__Task description__
In the records below, find the line containing "One boy helping", then print it and every following line exactly, through the last, without pictures.
── Source material ──
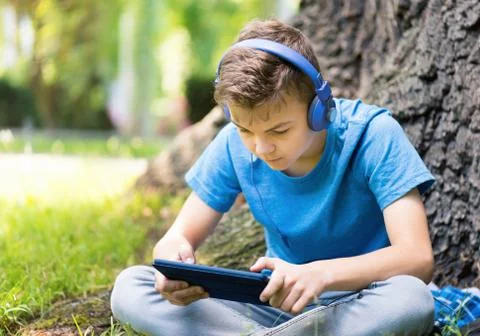Boy with tablet Stock Photos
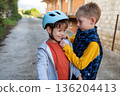 One boy helping another fasten a bicycle helmet outdoors, care, safety and childhood friendship. 136204413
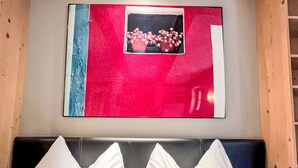Een kamer met een bed, een zwart hoofdbord en twee witte kussens. Daarboven een kunstwerk met een rode achtergrond, en een raam met roze bloemen.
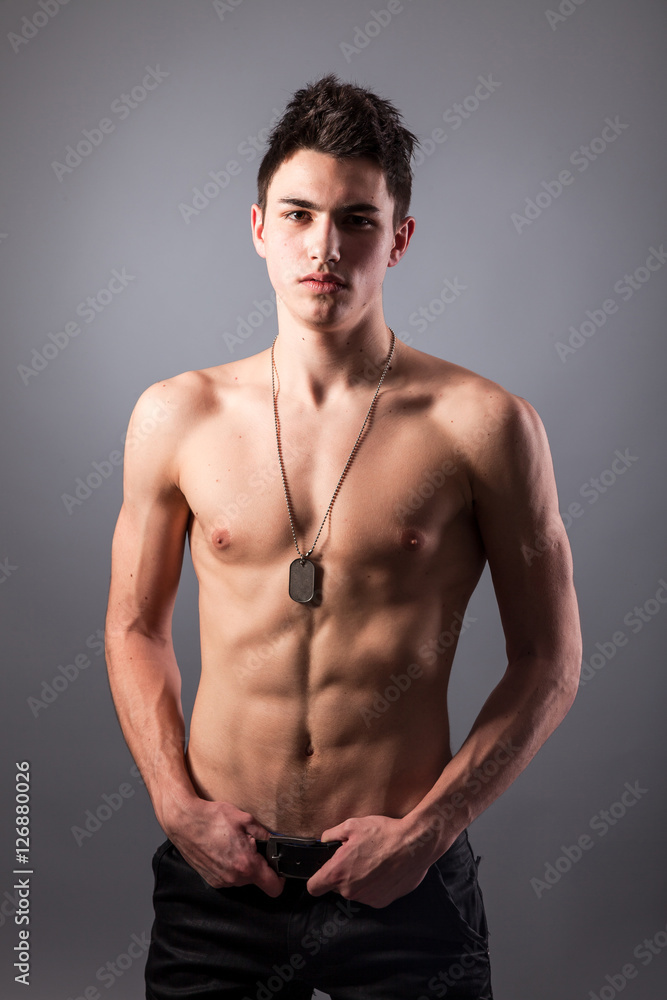 Fototapeta premium Portrait of young bodybuilder man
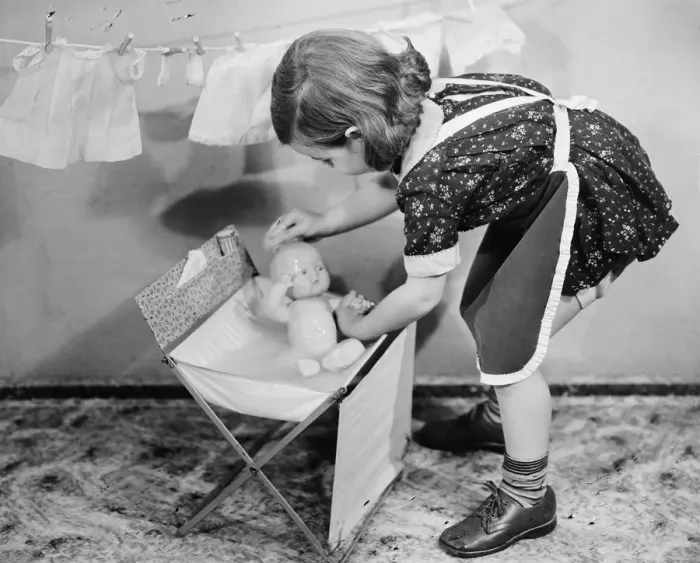 Framed Print : Girl (8-9) playing with doll, (B&W) Framed Print : Girl (8-9) playing with doll, (B&W)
───
__Answer box__
 One boy helping another fasten a bicycle helmet outdoors, care, safety and childhood friendship. 136204413
Een kamer met een bed, een zwart hoofdbord en twee witte kussens. Daarboven een kunstwerk met een rode achtergrond, en een raam met roze bloemen.
 Fototapeta premium Portrait of young bodybuilder man
 Framed Print : Girl (8-9) playing with doll, (B&W) Framed Print : Girl (8-9) playing with doll, (B&W)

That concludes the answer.